Thanks a lump, Nixon.
The Olympics are over and the water is cold.
[blockquote]I guess the Olympics are over.[/blockquote]
They really are. A couple of years ago a salesman from one of our data services came to give his annual forecast talk to the office and he said his personal belief was that the Beijing Olympics were almost completely responsible for the commodity bubble that had been growing since early 2003 and that China was inflating the world economy solely because of Olympic building and development. Oil was only around $50 then and he said it was going to go up rapidly and then drop like a rock right after the Olympics. Metals, too. We all thought he was a quack then. Now I wish I could remember his name.
Turn out the lights, the party’s over.
I bought some onions at Meijers the other day and when I got them home I looked at the tag and saw that they were grown less than 20 miles from here.

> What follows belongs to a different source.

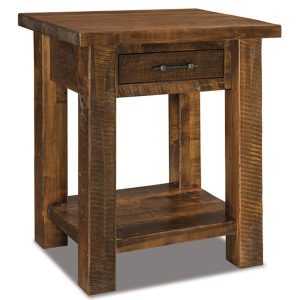 Houston Nightstand 019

Can’t really blame Nixon for China. He opened up diplomatic relations with them but those who encouraged them to continue to be commies and get rich doing so are still living.
If their economy hits a hard crash, what’s to keep them from collecting their U.S. loans? They’re the largest holder of our deficit, which was good for them to finance as we bought their products and kept their people working.
If we stop spending, and they stop working, who’s going to feed them?
Besides China, the air should clean up some over Korea and Japan.